Firstly I would say my car has a non standard dash harness as it was subject to a rodent attack - a previous owner re-made the wiring with a multi plug so one advantage is I can pull the unit complete out the car.  Having looked at it against the wiring diagram it has been done to a good standard and matches pretty well.  My questions are more generic rather than specific to my set up as a result.

It all worked when I got the car but then the rev counter stopped working.  An auto electrician diagnosed a bad earth but didn't fix it at that visit and has since moved from the area and I have lost contact - so I am trying to sort this on my own with little budget but time is something I do have.

When I dismantled the dash for the interior refub I made a record of all connections (which I still have) but made no record of one connection to the volts gauge - but given the diagram says it should go to earth, and my one remaining connection left once re-assembled was a black cable, you would assume this should connect up but somehow it was too short to reach, but when I did connect it up I had no rev counter. 

First question.  Where would the earth connection be made under usual circumstances?  I assume by the loom but where would it connect to?

Second question - Is it feasible whatever feeds the earth to the loom would have an issue and need cleaning?  Basically is there someone else in the car I should be looking at?

Third question - could I simply run a new earth connection to a suitable point on the dash, I already have one where the dash cross brace meets the uprights so this would be my ideal point.

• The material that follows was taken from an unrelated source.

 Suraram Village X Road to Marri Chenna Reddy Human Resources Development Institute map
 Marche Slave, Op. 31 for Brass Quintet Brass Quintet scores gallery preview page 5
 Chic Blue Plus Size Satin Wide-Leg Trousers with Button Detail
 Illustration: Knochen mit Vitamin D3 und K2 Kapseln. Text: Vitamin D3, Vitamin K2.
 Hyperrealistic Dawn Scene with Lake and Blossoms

Fourth question - Does the earth connected to the fuel tank sender fixing affect the gauge or the sender itself (or both)?

Fifth question - one other oddity.  When I was playing around with the car troubleshooting all this the fans at the front of the car came on but the temp gauge was only reading around 70 degrees, leading me to think it is reading low.  Certainly when the car last run significantly in 2014 the gauge was fine, the water pump failed and the needle rose no problem.  Is there any way to test this, and again is there somewhere at the back of the car I should be looking?  The temp sender must be OK if it triggered the fans?

 

I did get a local auto electrician out in June but to be honest wasn't too impressed (and I had a previous disagreement with him in which I turned out to be correct despite my little knowledge).  He did actually get the rev counter working by adding a lead to the earth terminal on the volt gauge and running that to the rear fixing of the bracket which secures the rev counter against the dash, with further connections to the fixing bracket screws on the speedo/fuel/temp gauges, but it was intermittent and the fuel and temp gauges then didn't read correctly.  He shrugged his shoulders at this point and said it should all be working, and blamed the gauges.  Clearly these two are more important than revs so I have removed all he did.

I have since then replaced the voltage stabilizer given it was the fuel and temp gauges, but this has made no difference to any of the above which was most disappointing.

Clearly something is amiss if adding this cable can get the rev counter working but at the expense of other gauges.  

I would mention the oil pressure gauge is an aftermarket electric one and is working perfectly.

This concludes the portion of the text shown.